(Data excerpts)
*****
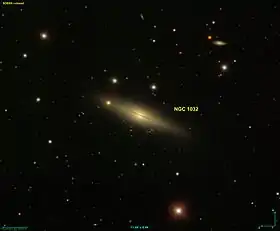 Image illustrative de l’article NGC 1032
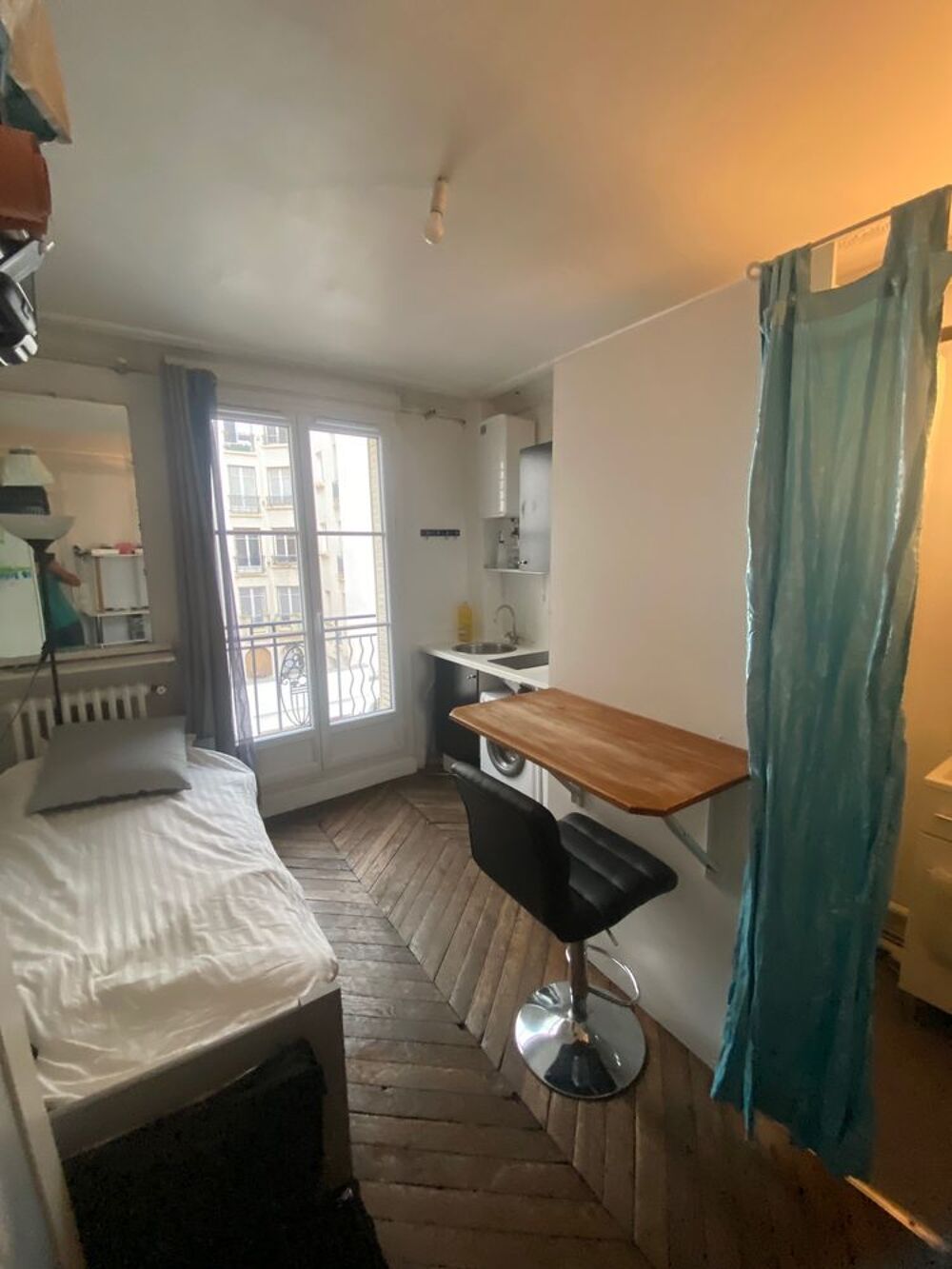 Vente Appartement Studio Paris 15 éme Paris 15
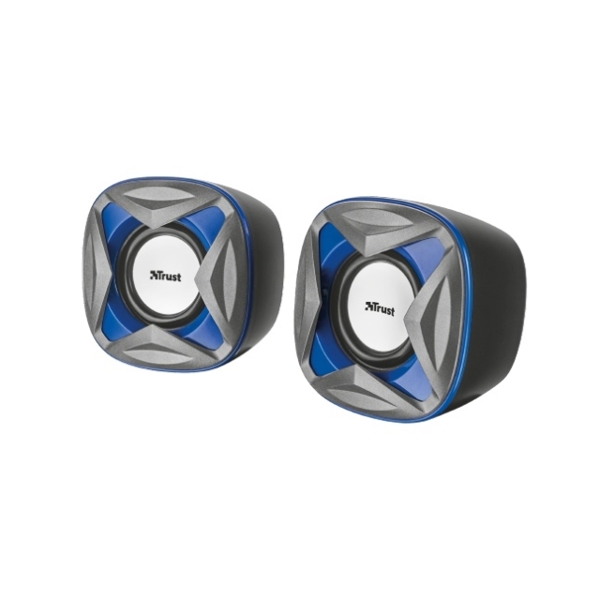 აკუსტიკური სისტემა Trust  XILO COMPACT 2.0 SPEAKER SET - BLUE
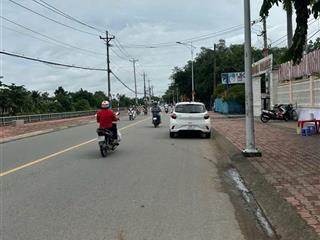 Đất 13,5*50 làm nhà vườn quá đẹp gần cmt8 chợ búng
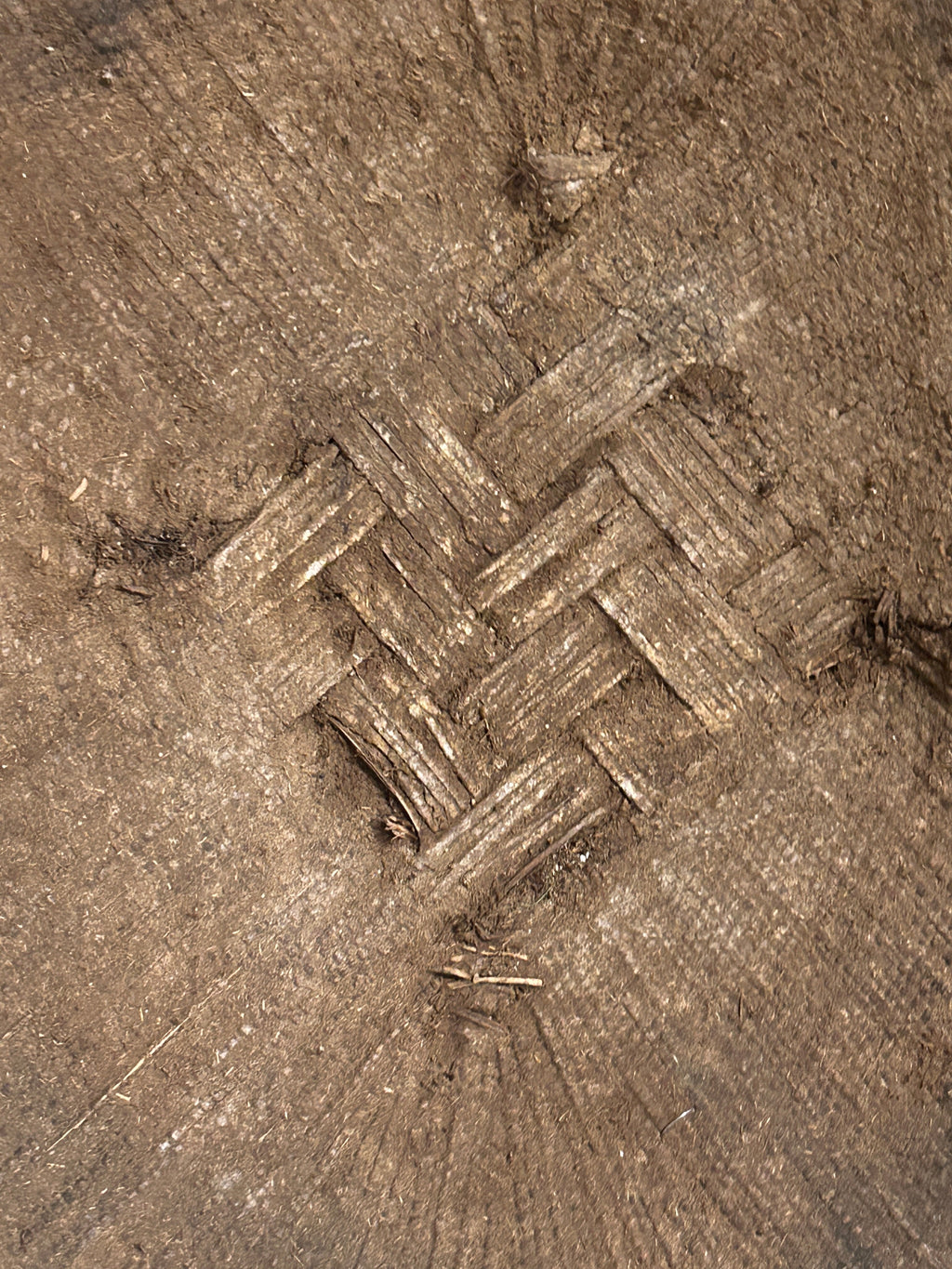 Vintage Tonga Binga Basket (48.2)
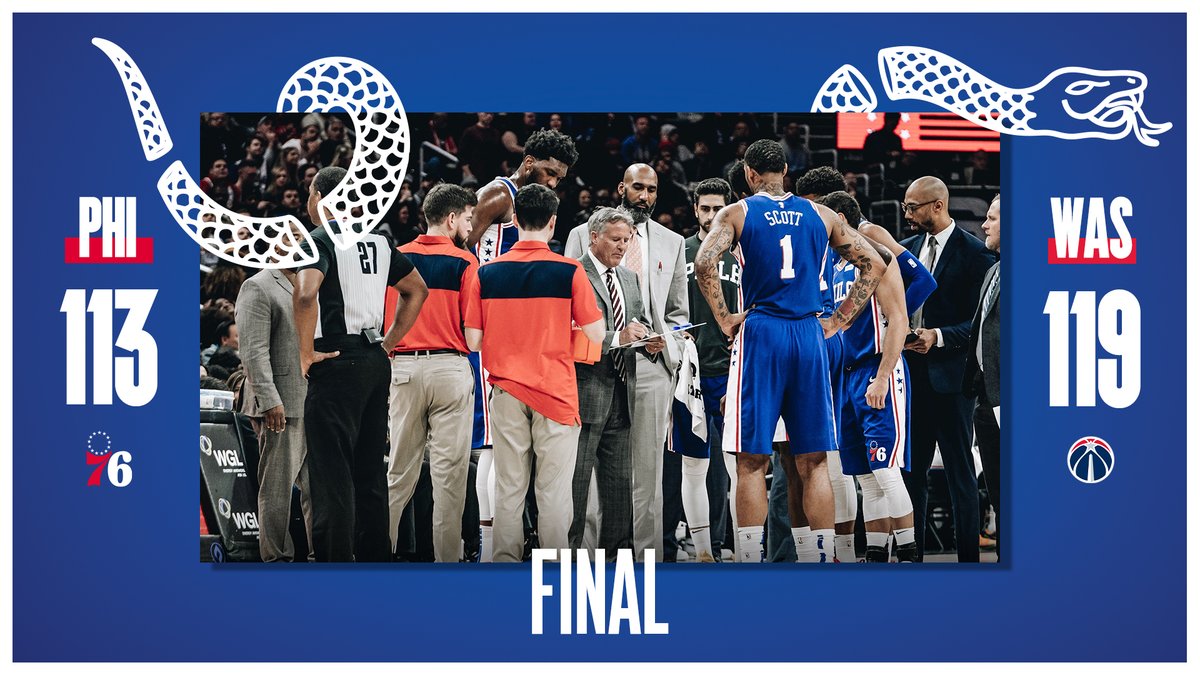 Philadelphia 76ers tweet media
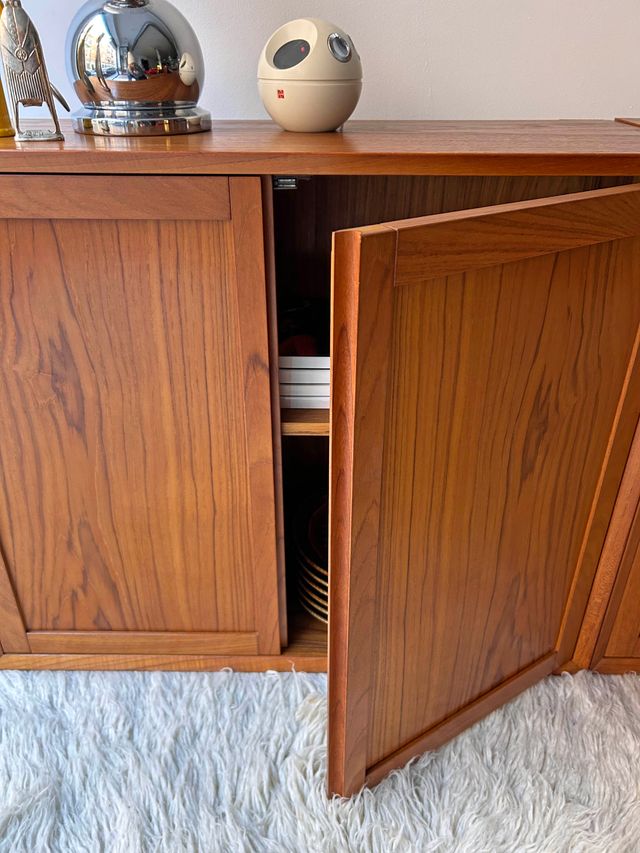 MUEBLE MODULAR POUL CADOVIUS, AÑOS 60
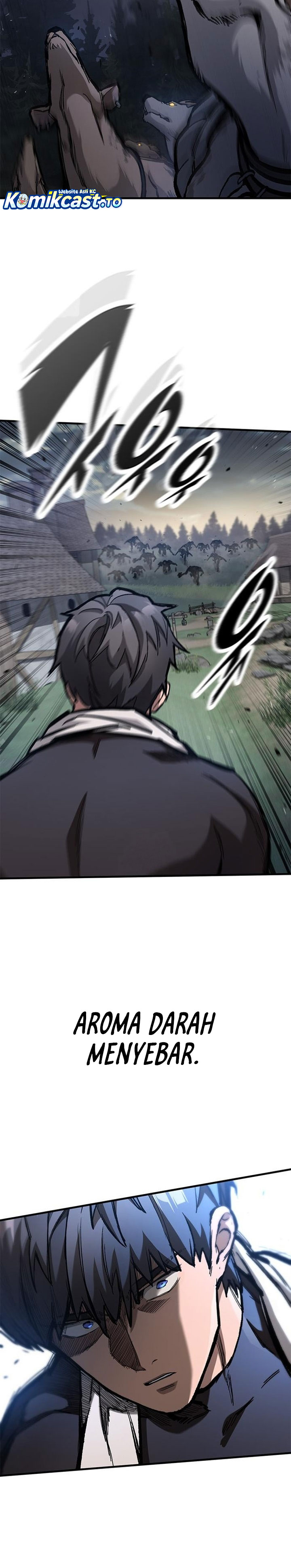 Eternally Regressing Knight Chapter 88 Bahasa Indonesia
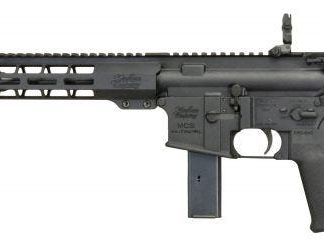 Windham Weaponry R16FTM Carbine Black 9mm 16-Inch 20Rd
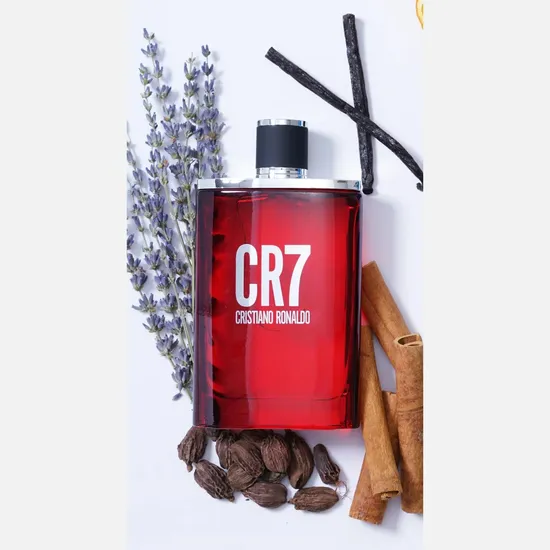 Cristiano Ronaldo CR7 Eau De Toilette 30ml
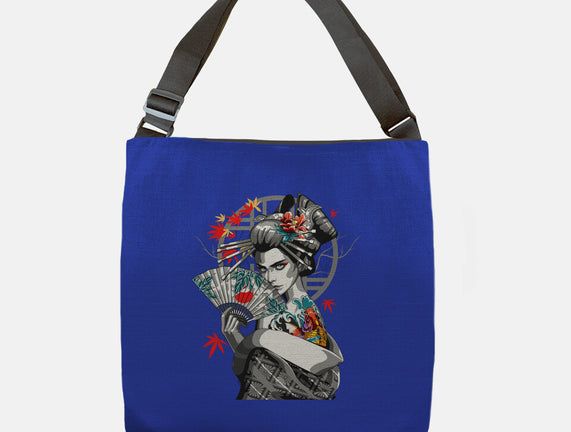 Irezumi II Geisha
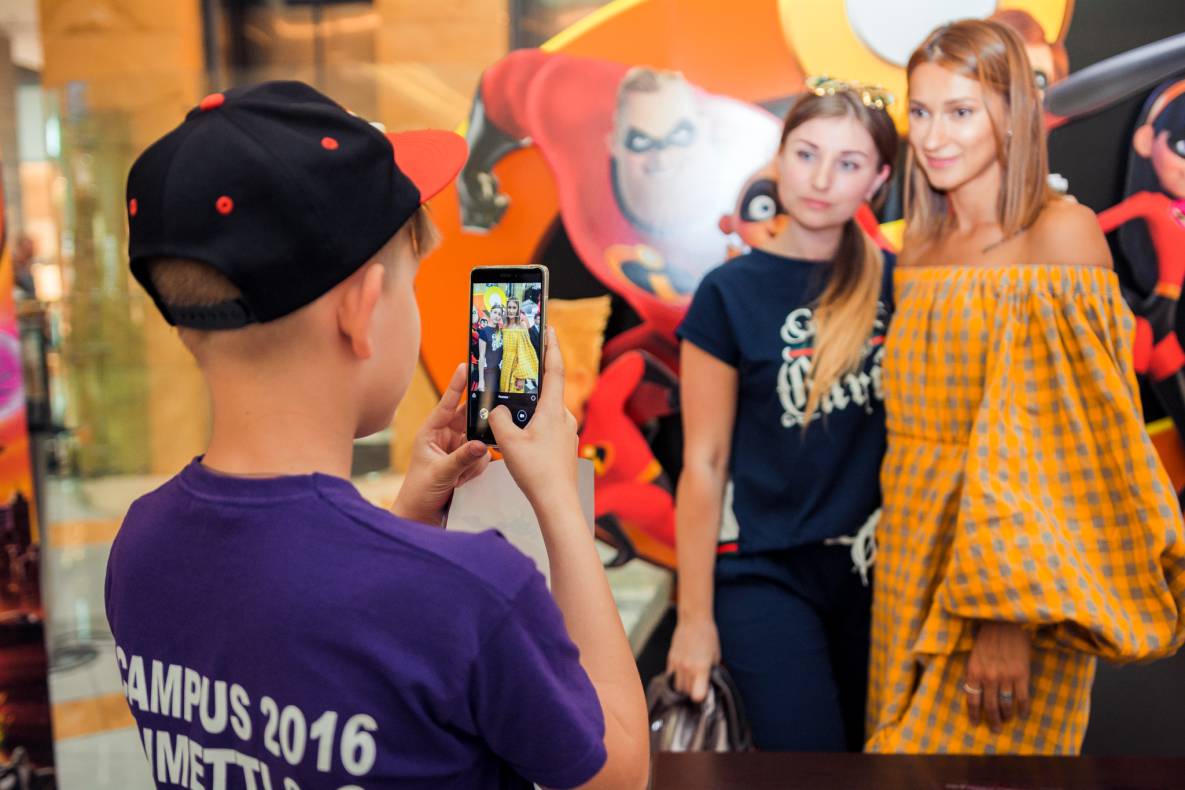 Суперсімейне свято у ТРЦ Гулівер! image-169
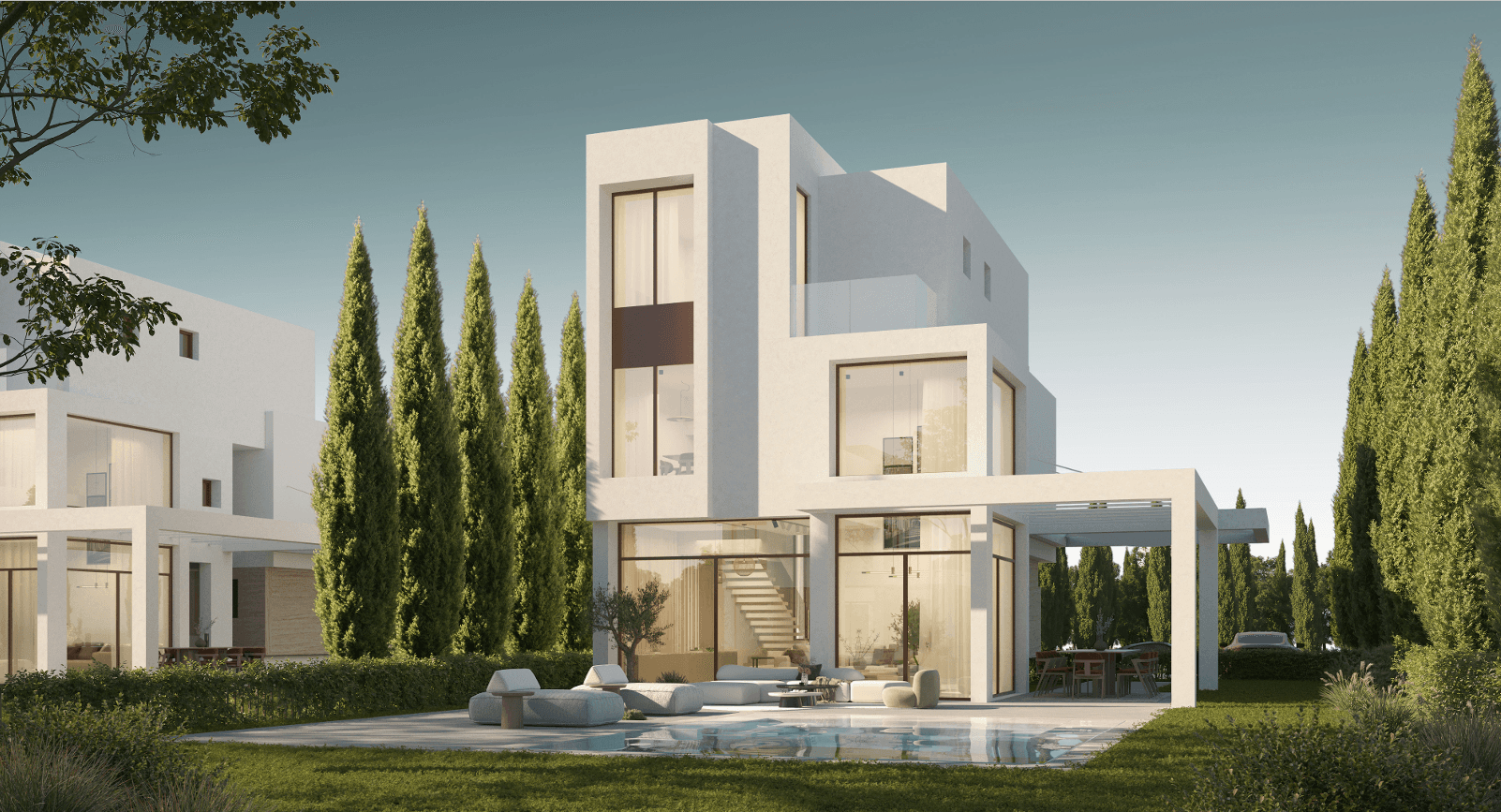 A 3 Bedroom Duplex in Pine Lanes by People & Places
*****
EXERCISE INSTRUCTIONS: Give back word for word the lines from the one containing "აკუსტიკური სისტემა Trust" through the final line of the data above. Pictures are to be left out.

THE COMPLETED TASK:
 აკუსტიკური სისტემა Trust  XILO COMPACT 2.0 SPEAKER SET - BLUE
 Đất 13,5*50 làm nhà vườn quá đẹp gần cmt8 chợ búng
 Vintage Tonga Binga Basket (48.2)
 Philadelphia 76ers tweet media
 MUEBLE MODULAR POUL CADOVIUS, AÑOS 60
 Eternally Regressing Knight Chapter 88 Bahasa Indonesia
 Windham Weaponry R16FTM Carbine Black 9mm 16-Inch 20Rd
 Cristiano Ronaldo CR7 Eau De Toilette 30ml
 Irezumi II Geisha
 Суперсімейне свято у ТРЦ Гулівер! image-169
 A 3 Bedroom Duplex in Pine Lanes by People & Places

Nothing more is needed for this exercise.